Thursday, April 24, 2014

Following the Trail of the Great Botanist, Alf Wallace


 

Gabby held there was no tin mined in Singapore. Bukit Timah, Tin Hill did not necessarily mean there was any. Up on the Peninsular it was a different story of course; tin and rubber had built all the colonial bungalows in Malaya proper. 

         We had planned to scale the peak, all 170m, at a run more or less; two dauntless Aussie explorers, the Angel in the floppy from Central Casting in the interior of the Queensland wastes; author in the far more fetching panama—touch misshapen after three years under tropical sun and rain.          We started on the Wallace Trail, cutting a passage through the jungle in the footsteps of the great English Botanist, the confrere of Darwin, who had shot all the game and bird-life of the archipelago for the glory of science and empire. A winding little dirt track that was poorly defined, occasional sign-posts barely legible and tree roots for footing. When the heavens first opened little of the rain got through the dense overhang; different story as we progressed. Utterly drenched and bedraggled in the wash-up, forced to take shelter at a sad educational site that was supposed to show school students here what a dairy approximated.          We sat on a bench opposite a large spotted fibre-glass Friesian it might have been, caught in the act of chewing the cud and switching her tail. A dairy hidden in the dales a fair old stretch. God help the poor students! 

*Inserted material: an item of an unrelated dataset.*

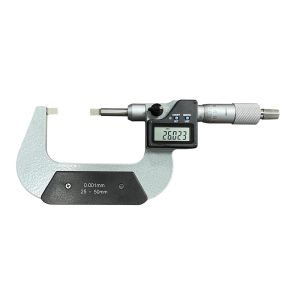 0-25mm Electronic Digital Blade Micrometer for Accurate Measurement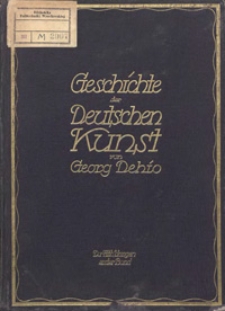 Geschichte der Deutschen Kunst : der Abbildungen. Bd. 1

         More authentically, Gabby regaled with tales of bringing the cows home for milking on grandpa's farm. The old man had sadly met his end falling from his sulky when his horse reared at a car-horn behind. Milking the frisky old moos one needed to tie a leg in order to be sure you wouldn't get a hoof in the guts when least expected. Mechanical milking even in the 50s was a surprise. The Angel though knew how to turn a teat in the direction of an unsuspecting by-stander for a little squirt in the eye. 

         Oi! Give a working-man room here!… Gab was eldest in the family.         Two small pimple mounts remained on the island of Singapore. Mount Faber, which this dauntless duo had previously surmounted, at one hundred and ten thousand centimetres; now Tin Hill would remain for a subsequent venture. The twenty percent increase in the land area of Singapore since the time of the British had been achieved by leveling the terrain for the great land reclamation. Made it cheaper to build pigeon holes for the population of the former kampungs. Can-do Singapore. Singapura, City of Lions—tigers properly. 

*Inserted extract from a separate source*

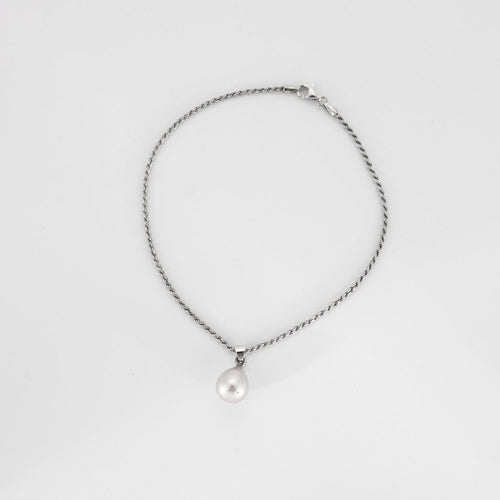 Bracelet Bracelet de cheville perle de culture 58 Facettes DV0285-2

         The educational notices plastered on the wall of the exhibit here noted the killing of the last big cat on the island. The task of the school-kids was to try to imagine that.         Ah! the perfume within the few hundred metres of the Wallace Trail, the stands of timber, the ferns and foliage that was brought into one's being through the sight of the eyes, the scent of the nostrils and pores of the skin. 

         With respect, Third World to First in the famed thirty years has come at some cost, Messers Lee pere and fille. (The younger inherited the post of PM from his dad.) 

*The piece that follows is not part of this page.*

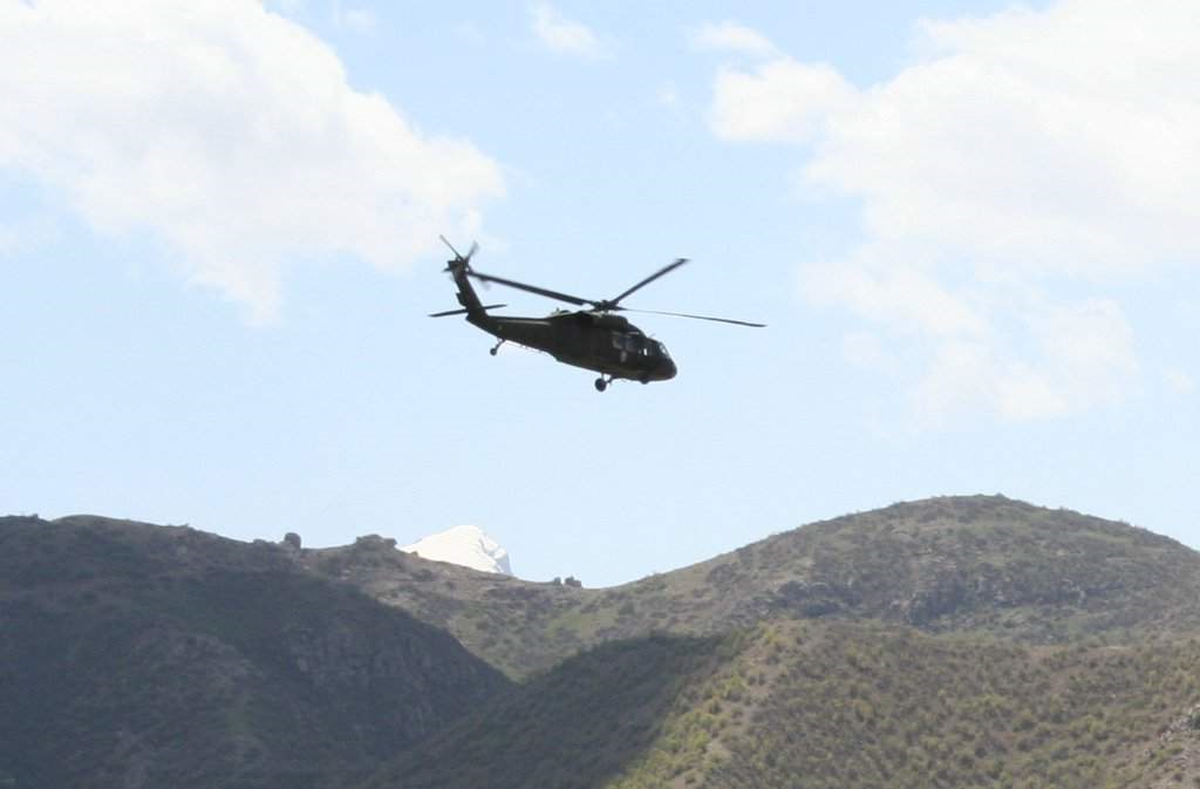 Kato Dağı'nda Hava Destekli Operasyon Başlatıldı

         Enviro greening of all future housing was an earnest government project here currently—roof gardens, trailing vines over exterior cladding, water reticulation. Prizes have been awarded in elaborate ceremonies to the local architects by their colleagues. 

         In that few hundred metres stretch of remnant jungle what would have changed from the time of the great scientist's passage? Not a jot, gentle Reader. Some swifts flitted overhead; none of the Freeway traffic noise was audible. The softness underfoot passed up through the limbs. A mini glory well worth the dousing.